De même qu’un bon équilibre physique aura des effets positifs sur le psychisme (nécessité d’une pratique sportive permanente en marge de la performance ou d’un programme), l’hygiène mentale qui consiste à développer une pensée curieuse des problèmes liés à l’existence de la vie (Dieu, mort, solitude, générosité et don de soi, sens de la vie, aspirations personnelles, etc.), nourrira un comportement de relative stabilité qui évitera autant que possible les débordements et excès de toutes sortes.

La patience, facteur fondamental de toute évolution personnelle, s’imposera très vite autant comme vérité que comme nécessité car, dans ce type de quête, le but s’éloigne au fur et à mesure que l’on s’en approche ou que l’on croit s’en approcher. D’où l’importance de faire aboutir une chose entreprise (prendre garde au renoncement, facteur d’instabilité car inhérent à l’insatiabilité). L’apprentissage de la musique, les études de philosophie et la pratique sportive sont à recommander.

Le silence et l’être seul (éviter les groupes bruyants, la musique vulgaire, la télévision) dans un environnement propice naturel (tel que la campagne pour nous) prédisposent grandement à la prise de conscience répertoriée (voir textes), car l’élément de dispersion est rejeté. IL s’agit d’un apprentissage difficile dont les premières phases provoquent une douleur bien plus forte que la douleur physique de nature à nous faire fuir la difficulté.

Il est essentiel de comprendre, afin de ne pas structurer la démarche, que cette attitude ne conduit pas l’individu à une création ex-nihilo d’ordre ésotérique. Seulement ce qui « est » nous étant donné, celui-ci se met en situation de recevoir. Seule une expérience prolongée et humble peut aboutir à ce principe et crédibiliser les conditions de sa mise en œuvre.

Il est indispensable que l’intuition et l’instinct occupent une juste place dans ce mouvement.

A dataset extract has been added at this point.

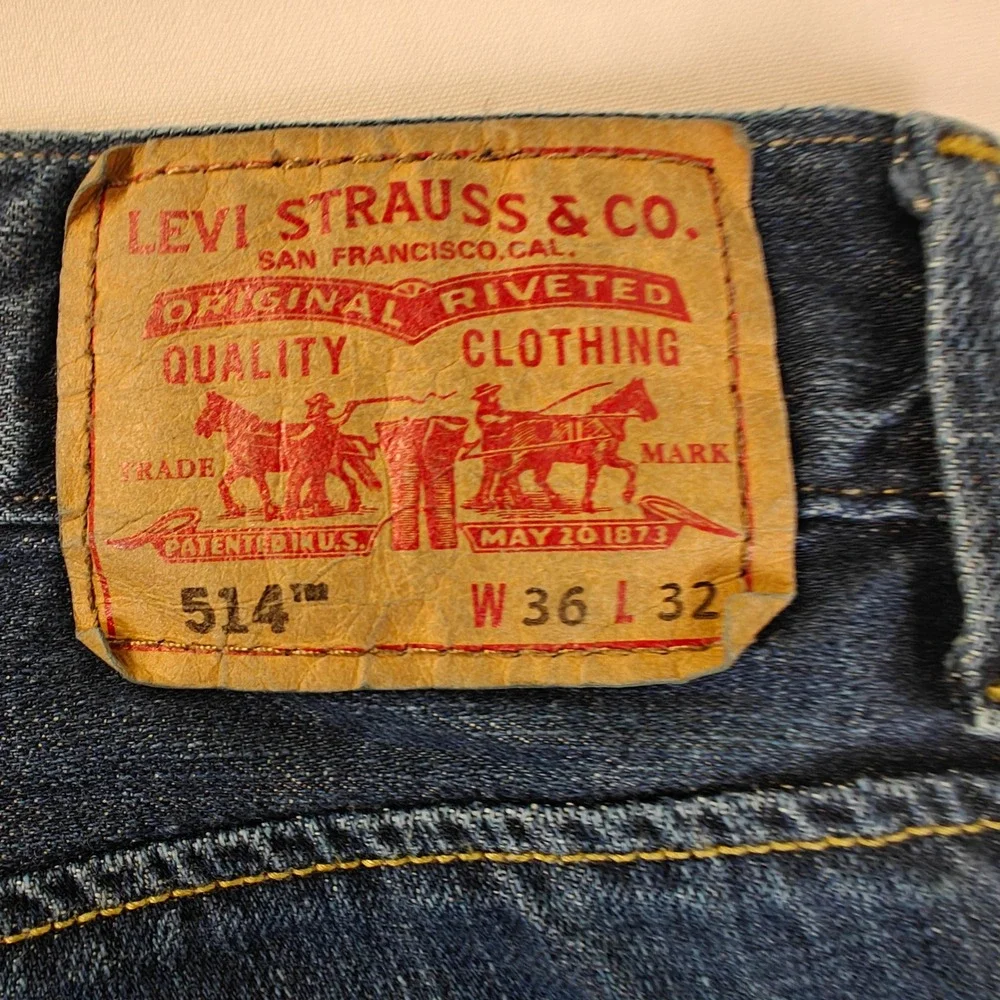 Levis 514 Slim Straight Jeans Mens 36x32 Blue Denim Flap Pocket 00514-0046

Le sujet se retrouve seul face à une énergie (un donné) qui le submerge mais il sort grandi de l’instant vécu.

L’intuition et l’instinct sont des voix silencieuses du dialogue intérieur que l’homme parfois étouffe jusqu’à ne plus se souvenir de leur importance primordiale.

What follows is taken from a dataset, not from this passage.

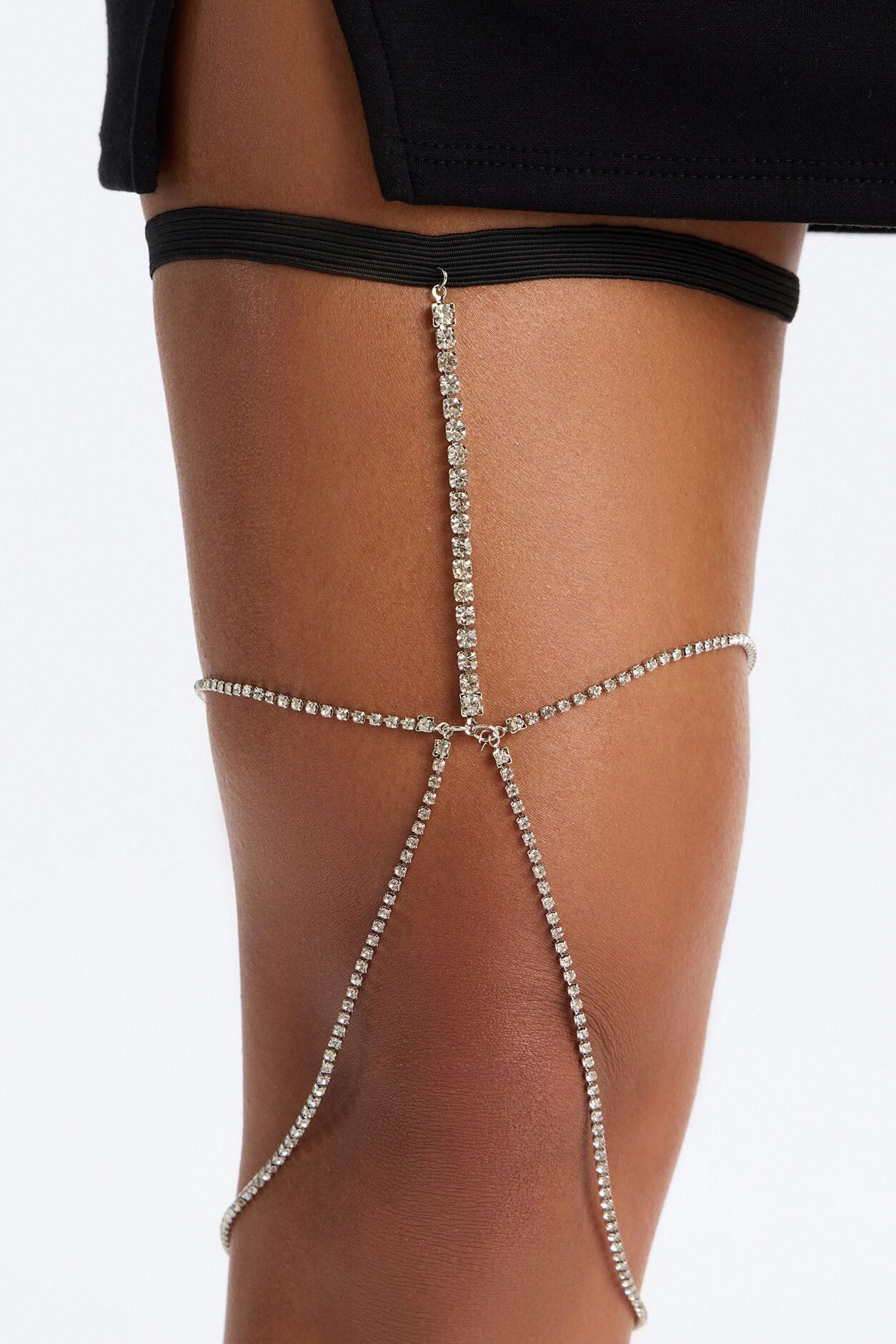 Show Stopping Rhinestone Thigh Chain - Silver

C’est en sollicitant la souffrance, donc en se remettant en cause (non pas en ce qui est mesurable comme le sport, les études, le travail… mais dans le comportement de chaque instant comme éviter la fuite devant la solitude, les excès de langage ou de nourriture, le renoncement) que l’on forge un tempérament prêt à affronter les difficultés que l’existence nous inflige.

Faire preuve de générosité de façon entière, c’est-à-dire pas uniquement sous l’angle matériel en donnant quelque chose, mais être à l’écoute de l’autre et disponible pour le soulager d’une part de sa souffrance est indispensable si l’on veut, qu’en marge du cogito, accéder à une unité de pensée, fut-elle démultipliée.

Le rayonnement intérieur (faire l’expérience par soi-même) irradie tout l’individu et prédispose à son évolution.

Les supports de la connaissance de soi se trouveront dans tout ce qui se rapportera à une nécessité évolutive (sport, philo, physique, religion, méditation, pensée critique). Il faut apprendre en ces domaines à déceler la nécessaire du superflu, ne pas structurer l’acquisition de ces connaissances en programmant leur enseignement, ne pas en faire un but mais une occupation de l’instant, une gymnastique intellectuelle.

Ce qui résulte d’une telle démarche n’a rien à voir directement avec les facteurs mis en jeu. Le bien-être est la conséquence d’un dépouillement, d’un rejet de l’inutile et renouvelle chaque fois l’intensité de l’instant vécu. Celui-ci ne peut se figer ni en explications, ni en définitions, ni en méthode.